## Aim of the exercise
Return exactly, with nothing added, the lines from the one that contains "this 1288×947 image." through the end of the listing below, pictures excluded.

--- Study material ---

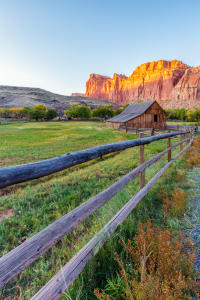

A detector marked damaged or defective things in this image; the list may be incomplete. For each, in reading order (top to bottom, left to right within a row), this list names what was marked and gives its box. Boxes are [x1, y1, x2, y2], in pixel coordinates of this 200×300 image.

rusty metal roof [107, 101, 155, 122]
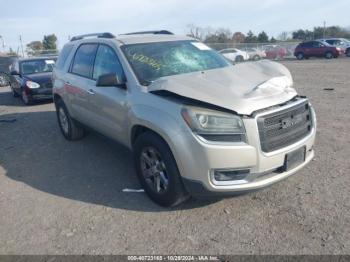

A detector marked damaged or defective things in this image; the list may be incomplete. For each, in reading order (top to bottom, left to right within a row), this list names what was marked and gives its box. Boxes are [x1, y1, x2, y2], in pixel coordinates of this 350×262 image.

dented hood [146, 61, 296, 115]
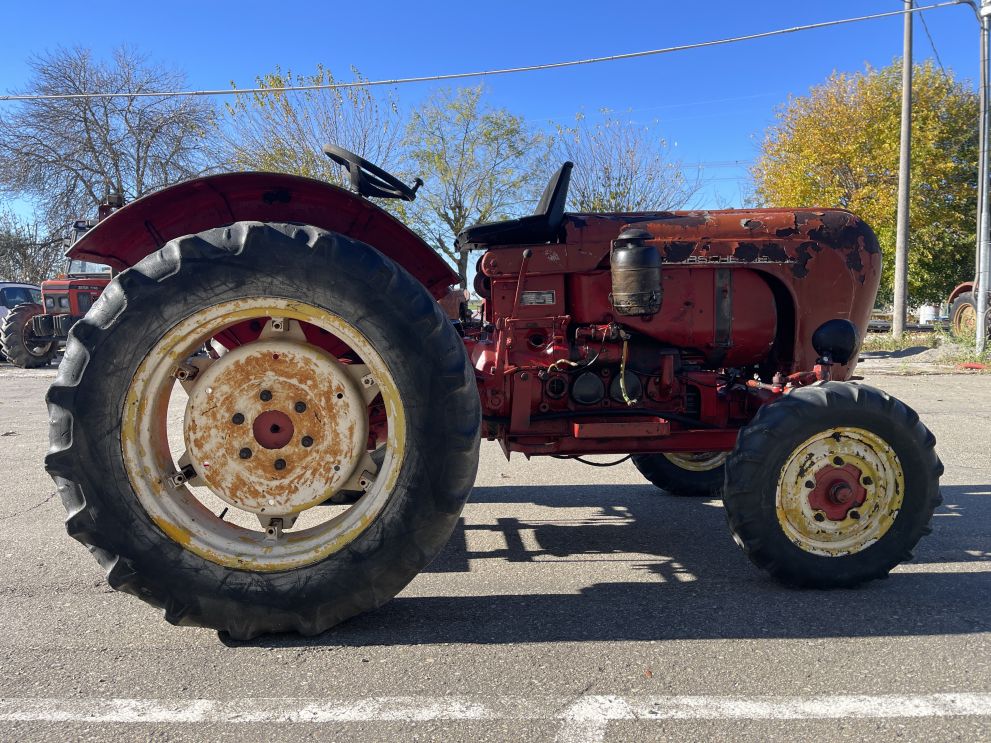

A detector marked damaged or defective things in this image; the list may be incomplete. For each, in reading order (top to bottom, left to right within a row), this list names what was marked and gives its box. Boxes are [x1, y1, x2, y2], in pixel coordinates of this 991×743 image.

rusty wheel hub [184, 338, 370, 516]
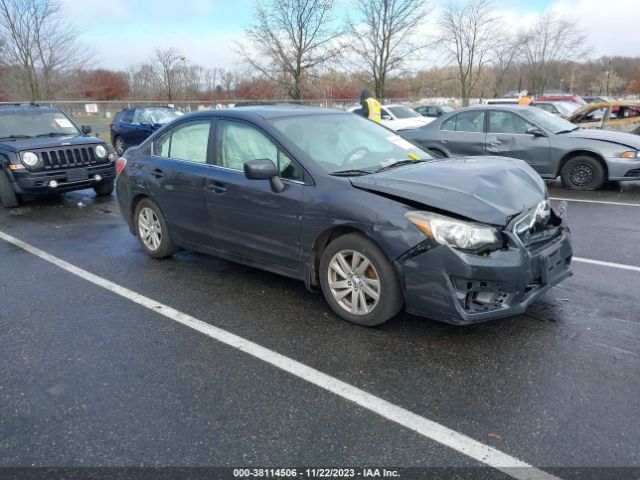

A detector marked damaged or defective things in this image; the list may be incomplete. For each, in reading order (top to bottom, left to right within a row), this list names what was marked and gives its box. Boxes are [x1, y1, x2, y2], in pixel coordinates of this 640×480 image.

damaged subaru impreza [115, 106, 568, 326]
crumpled front bumper [398, 210, 572, 322]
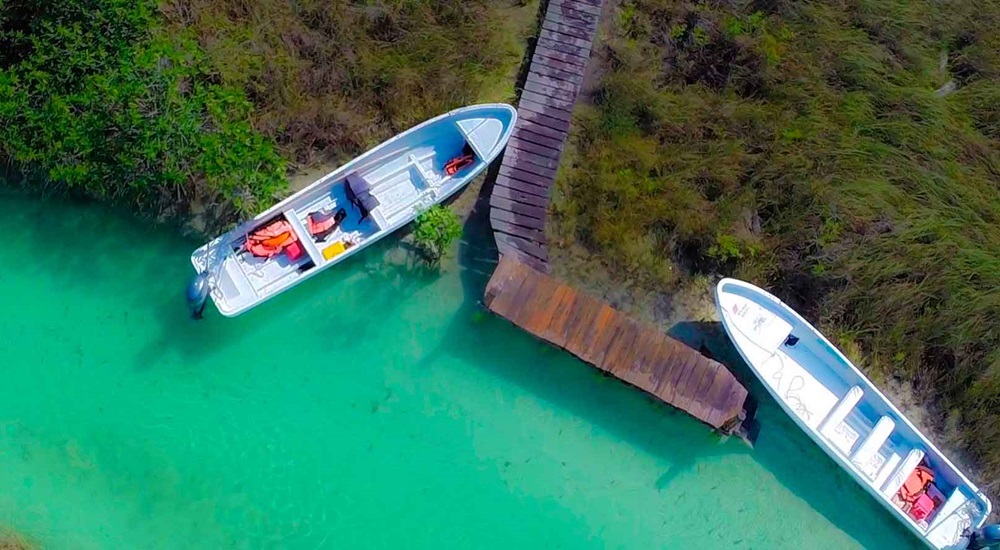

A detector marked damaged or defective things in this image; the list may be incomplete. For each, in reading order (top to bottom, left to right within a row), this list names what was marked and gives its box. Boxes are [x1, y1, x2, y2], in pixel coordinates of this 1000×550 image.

rusty metal dock section [484, 256, 752, 434]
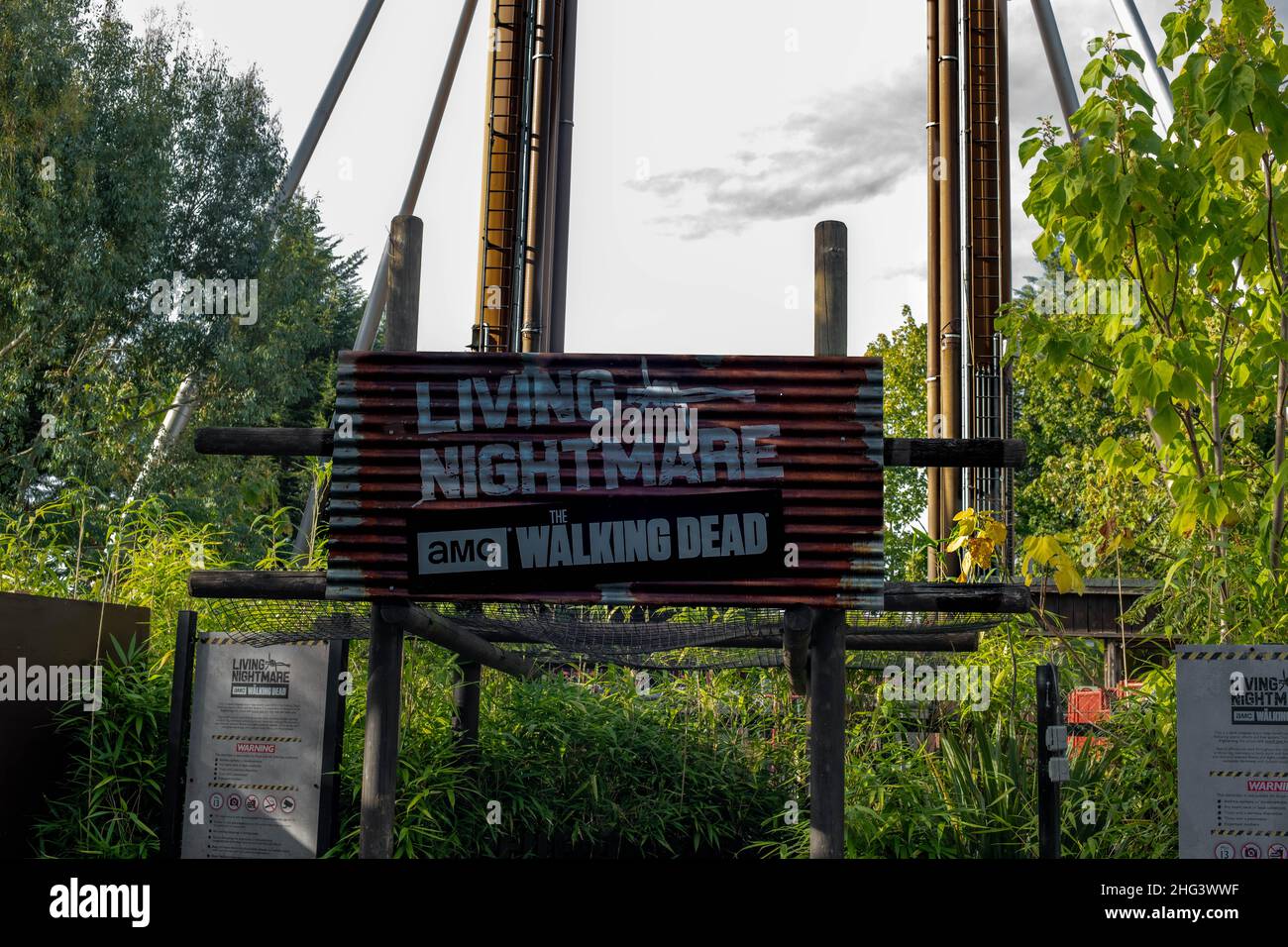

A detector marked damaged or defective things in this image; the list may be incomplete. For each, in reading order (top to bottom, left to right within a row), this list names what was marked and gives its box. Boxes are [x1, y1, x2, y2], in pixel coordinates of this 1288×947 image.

rusty sign panel [327, 353, 881, 610]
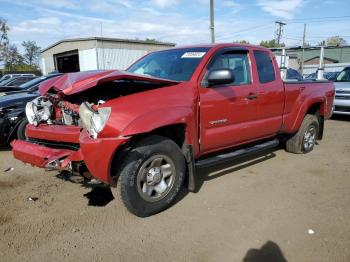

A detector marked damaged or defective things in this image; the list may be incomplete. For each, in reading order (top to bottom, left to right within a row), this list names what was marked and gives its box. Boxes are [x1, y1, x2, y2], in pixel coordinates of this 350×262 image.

---

## Output
A detector marked damaged or defective things in this image; the list may be incomplete. For each, in reading order (top to bottom, left to right within a row), this list names what was marked and gives its box. Boxes are [x1, y1, x2, y2], in pixel coordinates of this 1288×947 image.

rusty sign panel [327, 353, 881, 610]

A detector marked damaged or defective things in this image; the list may be incomplete. For each, in reading order (top to bottom, left to right within a row), this list names what was marked and gives its box. Boxes are [x1, y1, x2, y2], in pixel coordinates of this 350×262 image.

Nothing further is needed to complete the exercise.